**What you should do**: With the pictures left out, restate exactly the part below that opens with the line containing "Commander Masters - 148" and closes with the line containing "JOOLA Indoor 15mm".

====== Given data ======

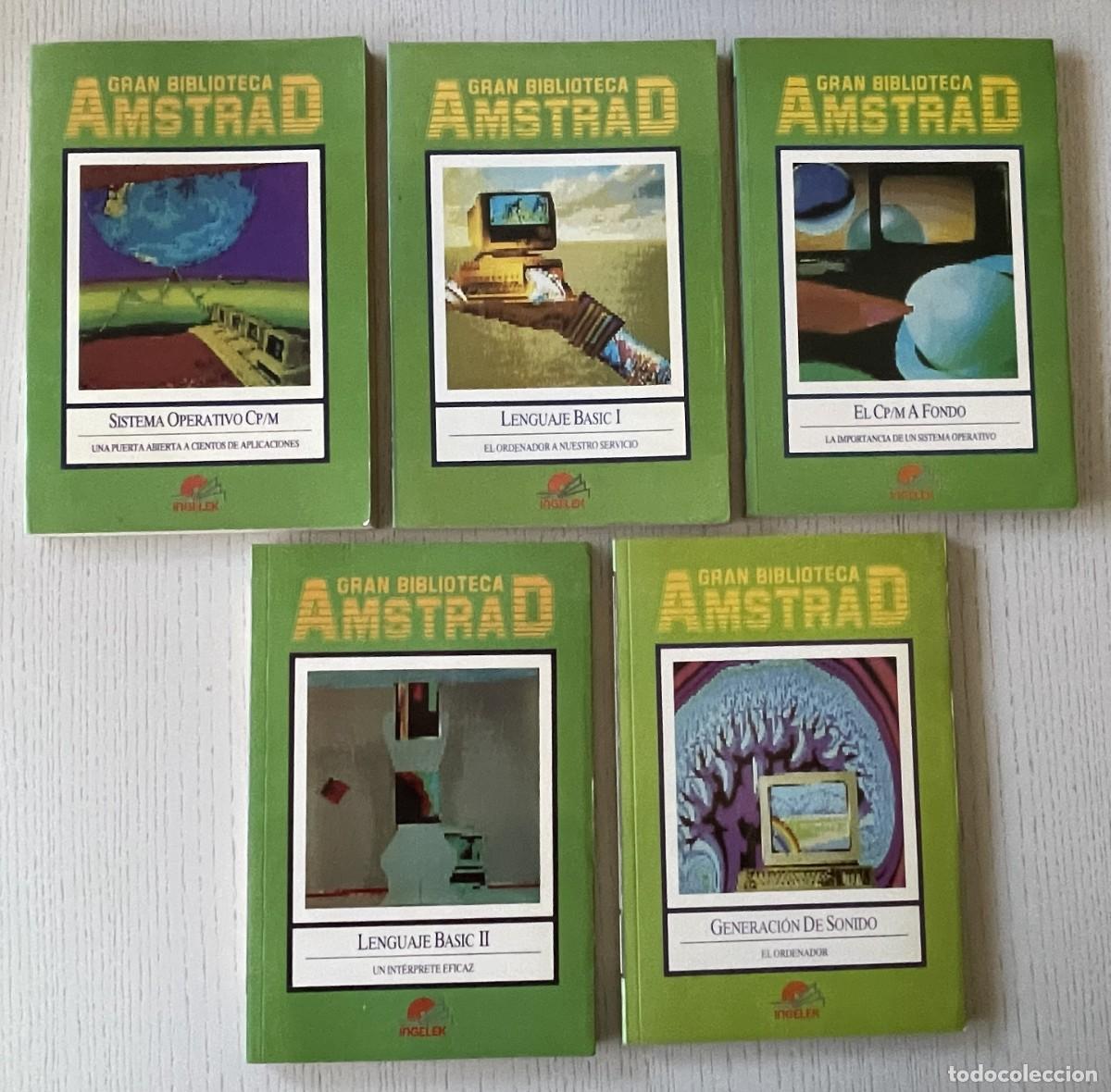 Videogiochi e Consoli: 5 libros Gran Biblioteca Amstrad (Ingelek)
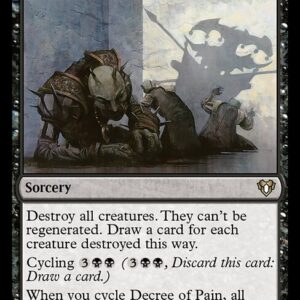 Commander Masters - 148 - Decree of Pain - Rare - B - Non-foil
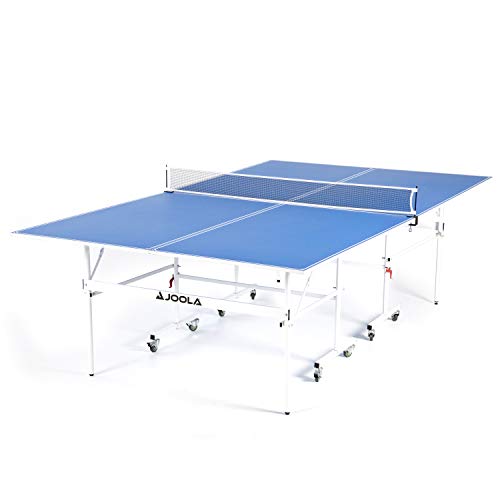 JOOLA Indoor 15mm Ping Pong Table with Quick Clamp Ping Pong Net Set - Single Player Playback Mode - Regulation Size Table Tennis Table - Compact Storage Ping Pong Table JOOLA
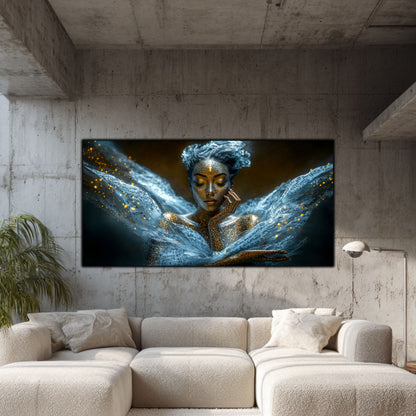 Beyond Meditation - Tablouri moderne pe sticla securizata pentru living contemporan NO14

======
====== Given data ======

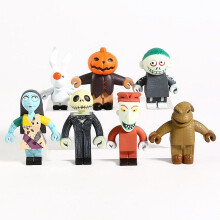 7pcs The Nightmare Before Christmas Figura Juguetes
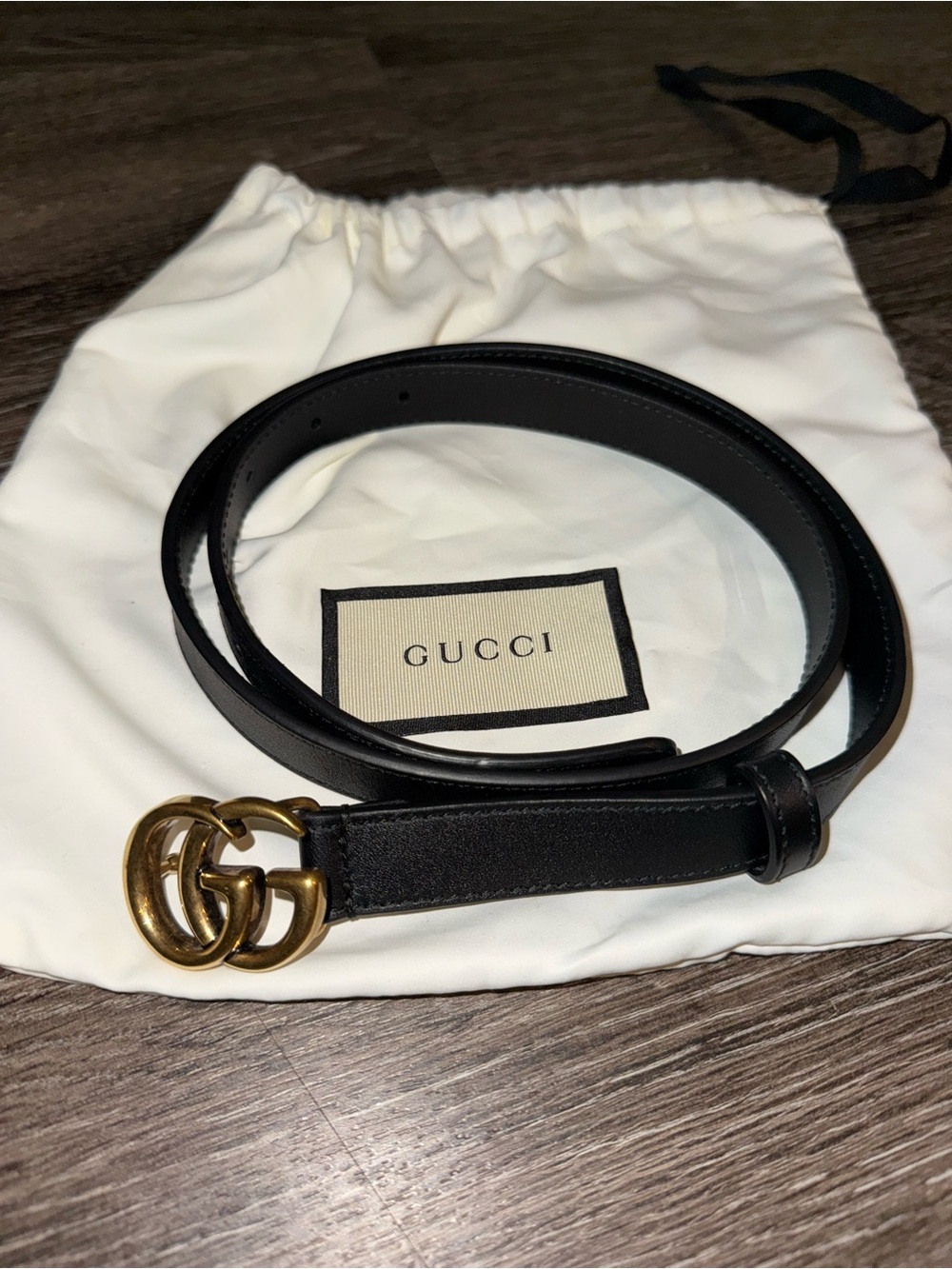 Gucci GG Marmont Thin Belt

======
====== Given data ======

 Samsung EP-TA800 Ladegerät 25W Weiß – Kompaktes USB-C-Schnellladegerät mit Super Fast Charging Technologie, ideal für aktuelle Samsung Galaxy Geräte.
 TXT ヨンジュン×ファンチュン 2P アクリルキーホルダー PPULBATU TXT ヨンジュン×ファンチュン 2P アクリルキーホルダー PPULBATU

======

**Output below**:
 Commander Masters - 148 - Decree of Pain - Rare - B - Non-foil
 JOOLA Indoor 15mm Ping Pong Table with Quick Clamp Ping Pong Net Set - Single Player Playback Mode - Regulation Size Table Tennis Table - Compact Storage Ping Pong Table JOOLA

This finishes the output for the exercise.